SOURCE DATA
* * * * * * * * *

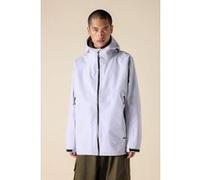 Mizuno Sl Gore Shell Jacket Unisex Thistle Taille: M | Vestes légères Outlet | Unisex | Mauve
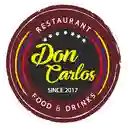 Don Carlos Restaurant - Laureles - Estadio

* * * * * * * * *

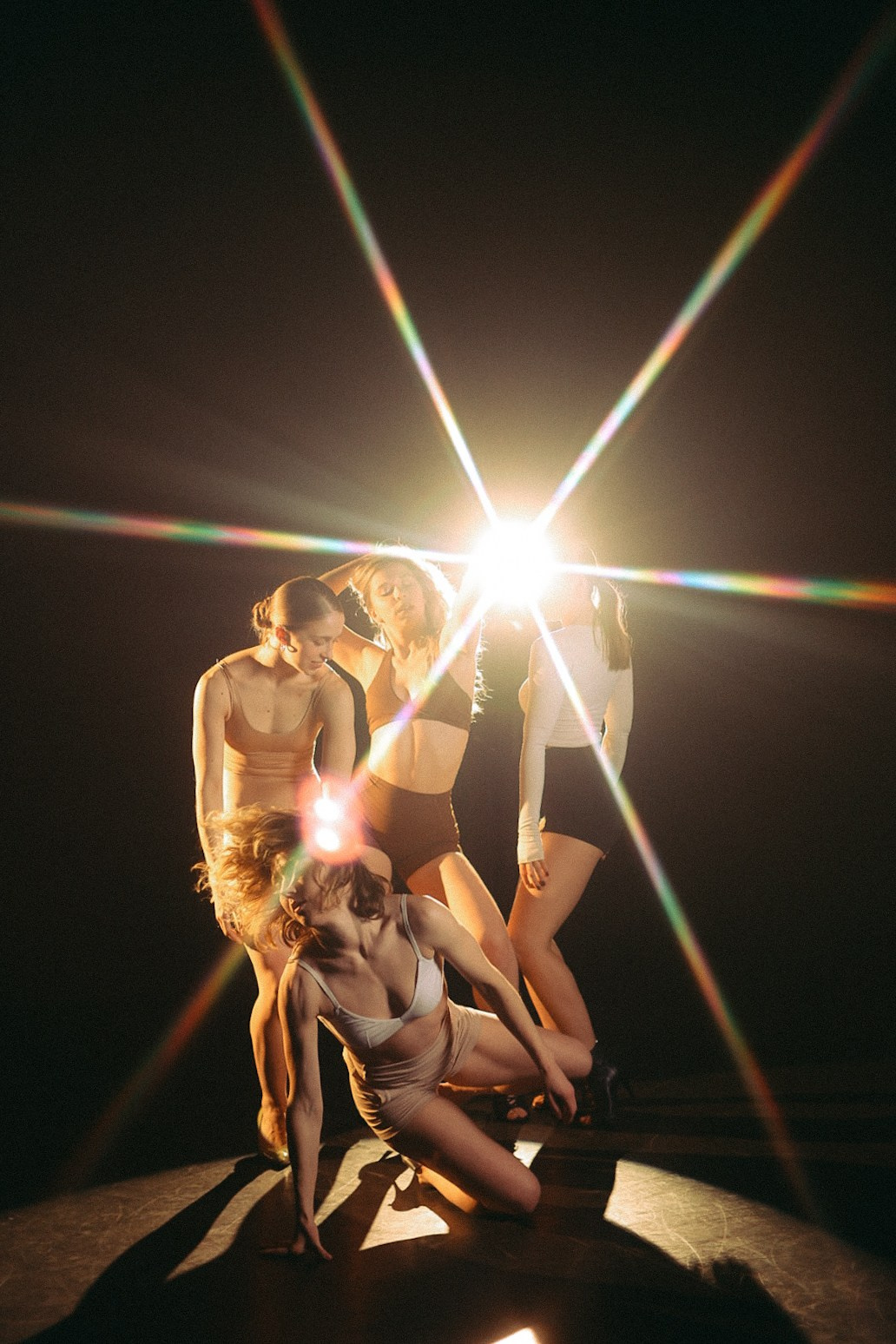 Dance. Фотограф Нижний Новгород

* * * * * * * * *

EXERCISE DESCRIPTION
Set down again, word for word, every line from the one with "Mizuno Sl Gore" to the one with "Don Carlos Restaurant - Laureles - Estadio" in the entries above, and omit the pictures.

ANSWER FOR THIS EXERCISE
 Mizuno Sl Gore Shell Jacket Unisex Thistle Taille: M | Vestes légères Outlet | Unisex | Mauve
 Don Carlos Restaurant - Laureles - Estadio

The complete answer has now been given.